Top of DATA PROVIDED
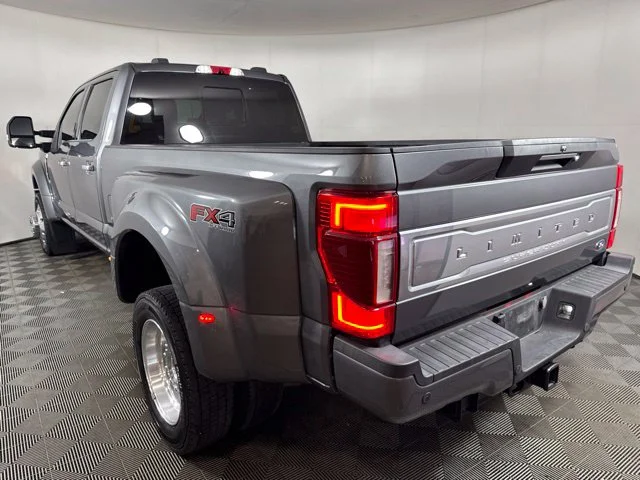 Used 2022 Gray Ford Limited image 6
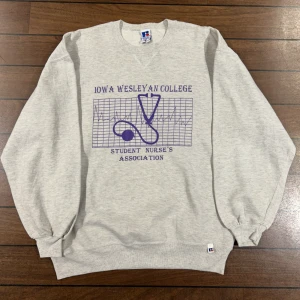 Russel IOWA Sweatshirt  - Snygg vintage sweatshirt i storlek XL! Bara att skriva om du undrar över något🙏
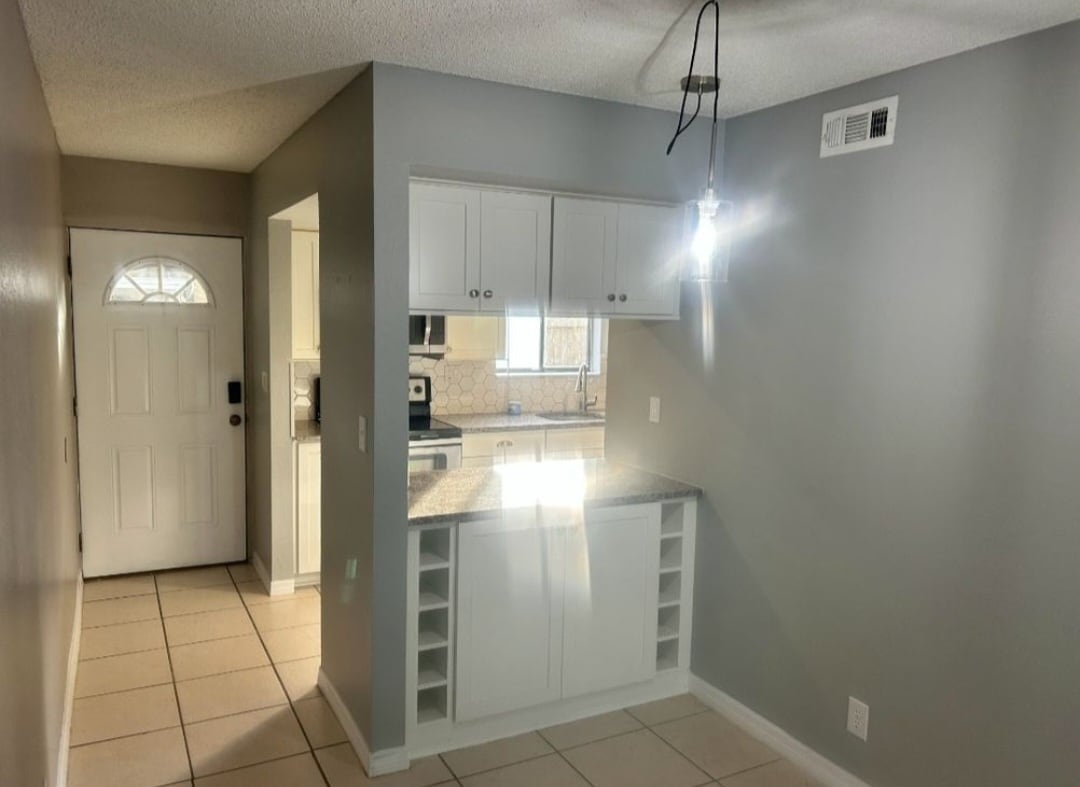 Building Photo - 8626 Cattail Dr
Bottom of DATA PROVIDED
Top of DATA PROVIDED
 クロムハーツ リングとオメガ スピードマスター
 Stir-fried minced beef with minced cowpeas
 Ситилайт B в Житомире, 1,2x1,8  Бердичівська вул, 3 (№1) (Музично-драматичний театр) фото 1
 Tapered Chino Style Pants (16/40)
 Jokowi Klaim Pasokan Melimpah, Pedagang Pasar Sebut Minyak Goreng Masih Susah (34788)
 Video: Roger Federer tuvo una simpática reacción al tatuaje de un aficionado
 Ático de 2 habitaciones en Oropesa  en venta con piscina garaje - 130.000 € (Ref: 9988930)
Bottom of DATA PROVIDED
• [WHAT TO DO]
An exact copy of the lines above, from the one containing "Ситилайт B в" down to the one containing "Ático de 2 habitaciones" and including both, is the whole answer; retype it and nothing else.

• [TASK ANSWER]
 Ситилайт B в Житомире, 1,2x1,8  Бердичівська вул, 3 (№1) (Музично-драматичний театр) фото 1
 Tapered Chino Style Pants (16/40)
 Jokowi Klaim Pasokan Melimpah, Pedagang Pasar Sebut Minyak Goreng Masih Susah (34788)
 Video: Roger Federer tuvo una simpática reacción al tatuaje de un aficionado
 Ático de 2 habitaciones en Oropesa  en venta con piscina garaje - 130.000 € (Ref: 9988930)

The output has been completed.